# tyre pressure



## 102567 (Jan 22, 2007)

Hi can anyone help me .I've just bought a 2002 elnagh marlin 59 and I'm not sure what the tyre presures should be. In the manual it says 72psi front and back but at the moment they're all 50 psi. Is the manual relating just to the base vehicle.( fiat ducato).......cheers


----------



## sersol (Aug 1, 2005)

Hi difficult one this,I think its a matter of getting the right balance.
ie.not too hard that it shakes the old bones to bits :lol: ,and not too soft that it becomes dangerous when driving.
My MH is Fiat based & I have found that 60psi all round seems about right,comfortable ride & good handling.
Many people will have differing views but this may be a starting point,hope it helps.
gary


----------



## 100701 (Aug 25, 2006)

Hi Below is something i found on this site so thanks must go to them but i cannot remember were i found it. I set my pressures as the sticker in the drivers door jam on my swift fiat 2004 5.5 Bar but the ride was far to harsh so found the info below and followed that, the ride and handling is much better now. 

Martyn 

Hi 

When we collected our new motorhome it came with 80psi all round and the ride was hard to put it mildly. 

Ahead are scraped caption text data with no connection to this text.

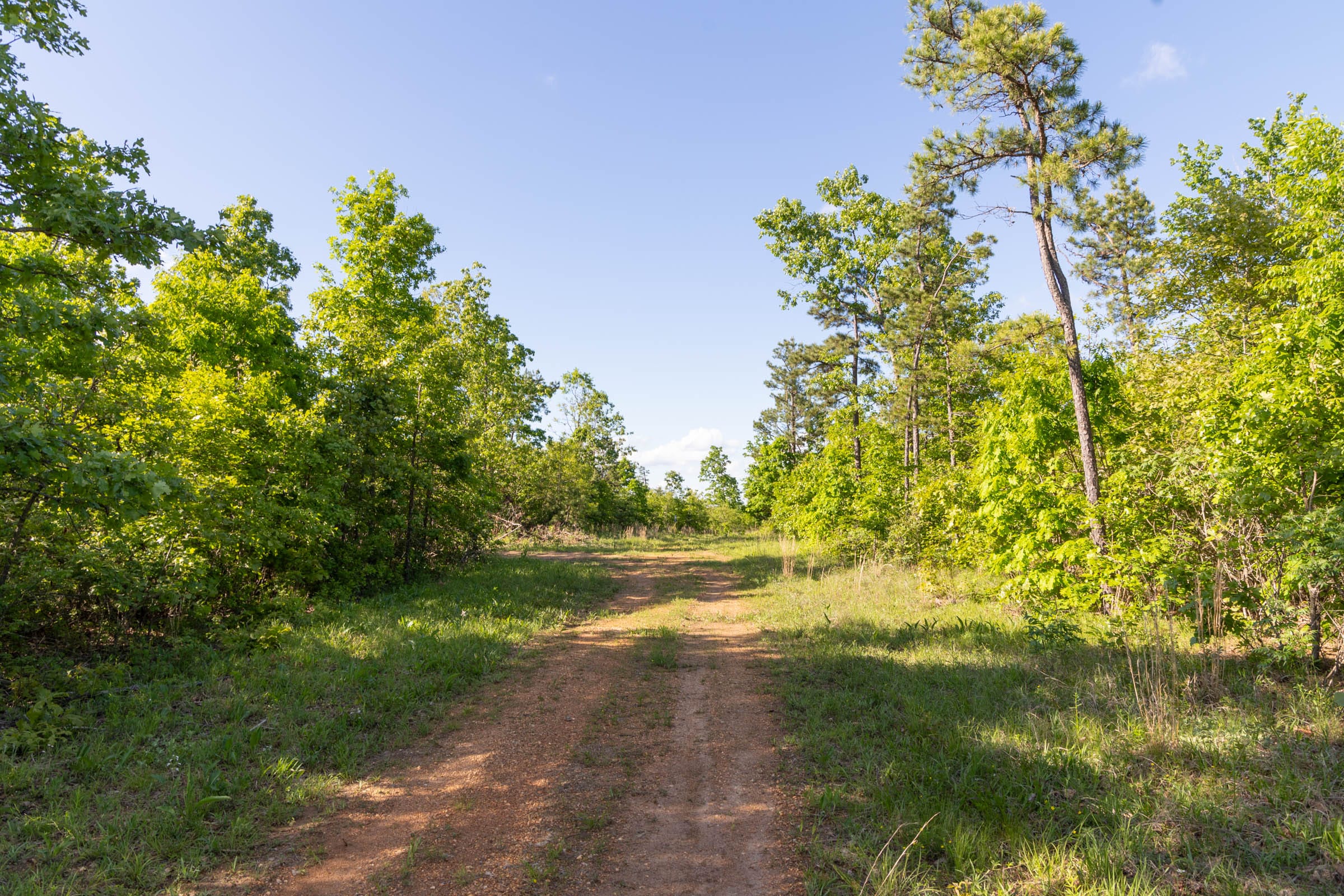 Sleepy Hollow Phase II Tract 61 photo 2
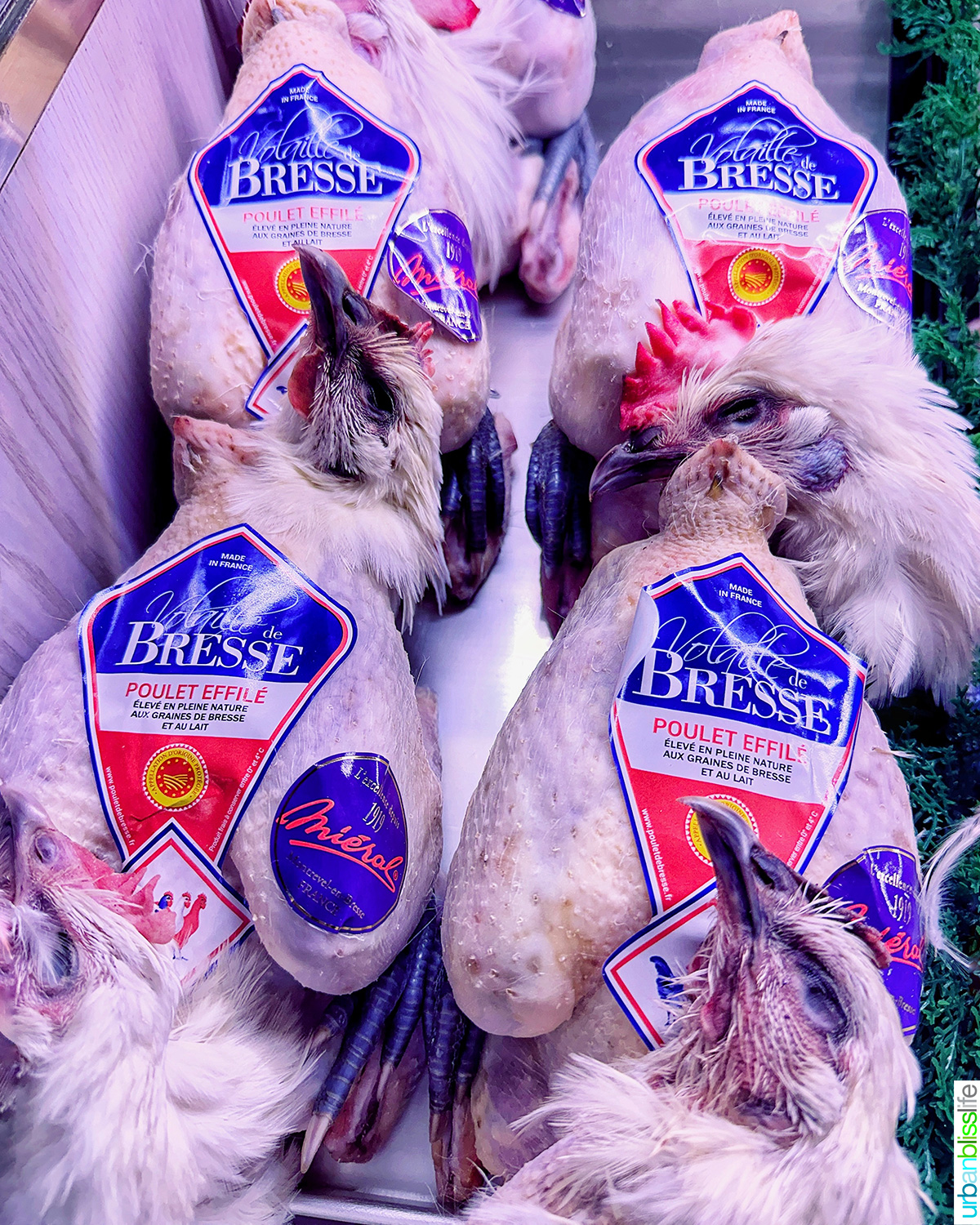 brest chickens at Les Halles in Lyon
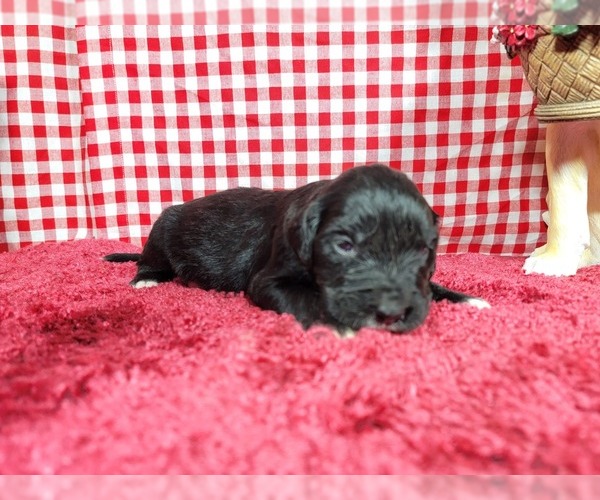 Medium Photo #62 Golden Mountain Dog Puppy For Sale in BLACK FOREST, CO, USA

As yet I have not had the chance to get to our local weighbridge but I did email Michelin and received the following reply. Hope it is of interest. 

"The tyre size quoted is able to run at the following axle loads/pressures, when 
fitted to a 'single fitment' axle (one tyre only each end of axle): 

215/70 R 15CP 109Q 'XC Camping' 

Axle weight Pressure 
(Kgs) (psi) 

Quoted wts: 1750 54 Front 
Quoted wts: 1850 57 Rear 

+10% front axle: 
Should you wish to help the front axle tyres cope more easily with the weight 
transfer forward under braking, we suggest that you may increase the front tyre 
pressure by 10% above any final calculated 'static' value, providing the maximum 
pressure (80 psi) is not exceeded. 

Final recommended pressures: 

Front: 59 psi 
Rear: 57 psi 

* Note: The above pressure values are only recommended for the axle weights 
stated above. 
Have you verified that each axle weight for your vehicle is actually being run 
at or below these quoted weights, by visiting a local weighbridge? 

Weighbridge: 
We suggest that individual axle weights from weighscale readings are used, in 
order to calculate pressure recommendations for each quoted load conditions. 
These would be preferred, due to readings being taken in the actual vehicle 
'running' condition - that is to say, with all water/fuel/baggage & passengers 
etc. onboard - and may result in better comfort if the vehicle is running way 
below maximum capacity. 

The results of surveys show that too many motorhome users run their vehicle 
overladen (read illegal), with little regard for axle weights and subsequent 
tyre related problems. 

The overall industry, therefore, tries to build-in a safety factor by fitting 
specific, strong 'motorhome' tyres, inflated to high pressure, in order to 
prevent the drastic consequences of overloading &/or under-inflating the tyres. 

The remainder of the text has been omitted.